Work to complete :: The line with "빌딩,맨션,고층아파트,도시" marks the first line to copy, and the line with "Image of International" marks the last. Transcribe that stretch of the data below exactly, without pictures.

The data ::

——

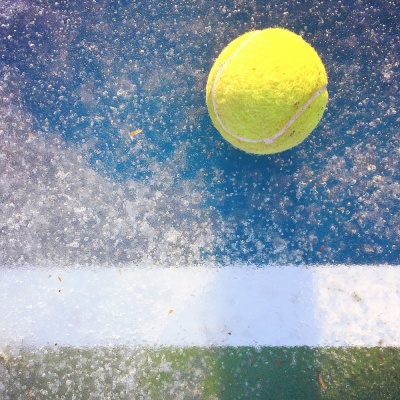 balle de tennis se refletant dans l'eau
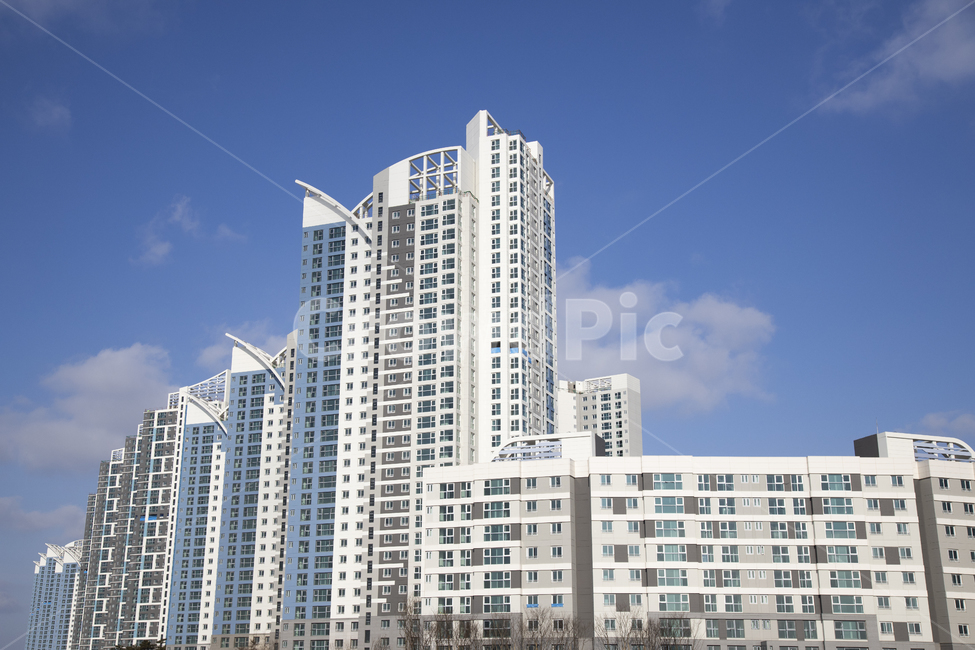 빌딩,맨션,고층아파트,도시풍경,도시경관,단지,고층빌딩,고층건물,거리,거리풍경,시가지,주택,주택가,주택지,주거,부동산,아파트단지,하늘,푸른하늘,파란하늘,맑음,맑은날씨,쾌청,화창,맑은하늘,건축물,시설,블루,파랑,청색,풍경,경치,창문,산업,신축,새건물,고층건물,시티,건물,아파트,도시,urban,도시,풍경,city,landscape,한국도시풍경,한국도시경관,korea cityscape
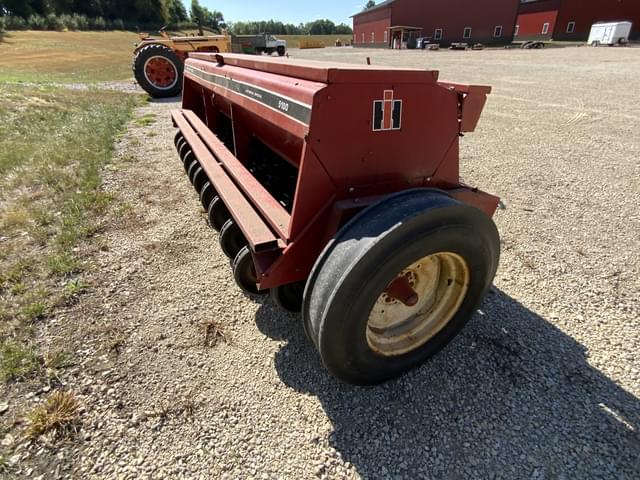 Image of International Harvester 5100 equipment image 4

——

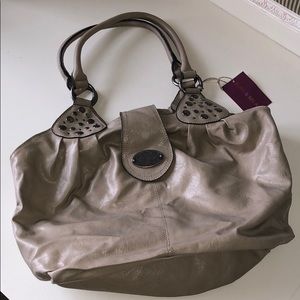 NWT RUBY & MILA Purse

——

Reply to the exercise ::
 빌딩,맨션,고층아파트,도시풍경,도시경관,단지,고층빌딩,고층건물,거리,거리풍경,시가지,주택,주택가,주택지,주거,부동산,아파트단지,하늘,푸른하늘,파란하늘,맑음,맑은날씨,쾌청,화창,맑은하늘,건축물,시설,블루,파랑,청색,풍경,경치,창문,산업,신축,새건물,고층건물,시티,건물,아파트,도시,urban,도시,풍경,city,landscape,한국도시풍경,한국도시경관,korea cityscape
 Image of International Harvester 5100 equipment image 4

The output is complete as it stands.